Harry Felder (1910-2003) may be
gone but the legendary Christmas-themed prints he created for
31 years will live on forever in the hands of those fortunate
enough to have saved them.
One such Felder art fan is Bernard Boe of rural Sheridan
who shared his complete 31 piece collection, all framed, with
me this past week.
I found out about his collection through a mutual friend,
Jim Gerlick of Somonauk, and at the same time talked with a new
resident at Oak Crest DeKalb Area Retirement Center, Willard
Dobbeck, who was a friend of Felder. Dobbeck worked with him
at Leich Electric, later called GTE Automatic Electric in Genoa.
After they both retired the two men kept in touch and Dobbeck
even has two heretofore unpublished prints that Harry gave him.
Bernard Boe, owner of the complete collection of 31 annual
holiday sketches by Harry Felder, shows one of the framed illustrations.
Boe has lent the sketches to the Oak Crest DeKalb Area Retirement
Center, 2944 Greenwood Acres Drive, for a public display, which
starts Saturday. (Schrader Photo)
Dobbeck told me Harry at first used to hide a rabbit in each
pencil or pen-and-ink drawing, sort of a trademark of the illustrator/artist.
Dobbeck especially liked rabbits and told him the company
would not let him use their blueprint copy machine to run off
as many as 5,000 copies each holiday season if he didnt
keep that rabbit in each one, so the idea caught on with Harry.
His Christmas scenes, sort of a flashback to his childhood
with a touch of humor, were not only distributed to employees
but mailed worldwide, going as far as Canada, Europe and even
He received hundreds of thank-you notes from grateful recipients
and even entire grade school classes that got to see his artwork.
Dobbeck, now 99, retired from the telephone manufacturer
where he was factory superintendent in 1977.

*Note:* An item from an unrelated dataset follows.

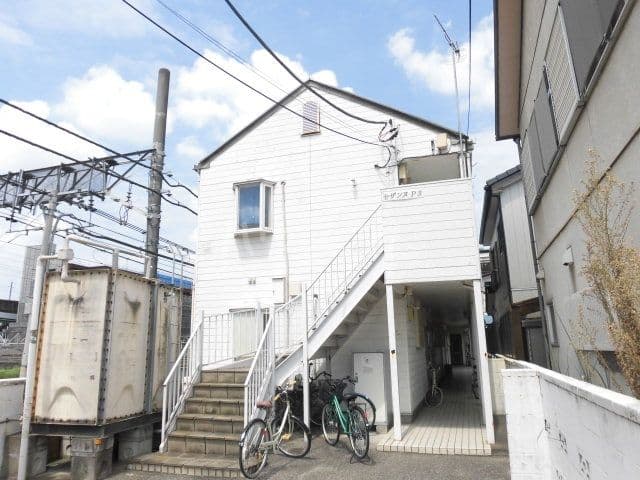 Main exterior of Cézanne P3 ✨[RT]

Harry had retired two years earlier but kept creating those
annual holiday scenes with pen and ink at home and sending them
to his old employer to be copied and given out for another seven
years, submitting the final one for the 1982 holiday season.
Many of them were also published in the Leich Electric
News by its editor Eleanor Sprague.
I remember them because I owned the Genoa Republican weekly
newspaper and printing business where that paper was produced
for many years.
I also recall that backshop foreman Bert Alsup supervised
the printing and saw many of those full-page Christmas drawings
run through the Little Giant press in our shop.
Before that my father Vernon worked at Leich for nearly
10 years and used to bring those drawings home when I was still
in high school.
But we did not have the foresight to save them for posterity.
At different times some of the prints were produced in
a looseleaf book form and given out to employees, but, as far
as I know, not one includes the complete set of 31.
Now that this framed collection has been found, the Boes
family has agreed to loan it to Oak Crest for display during
part of December.
Dobbeck will talk about his old friend Harry and share
other anecdotes about working at Leich and GTE Automatic Electric
for 31 years at the artwork exhibit opening at 1 p.m. Saturday.
I will provide some historical background on the artist
based on newspaper stories and his obituary at the same time
and the public is invited.
It is the same weekend as the Oak Crest annual Christmas
Tree Walk, which will be Sunday afternoon, so attendees on Saturday
will get a preview of the 25 decorated trees throughout the complex.
It should be a fun time reminiscing with retired Leich
and GTE employees who still live around the area.
Harrys sister Arlene Hampa and her husband, Emil,
plan to attend, as well as the collection owner Bernard Boe.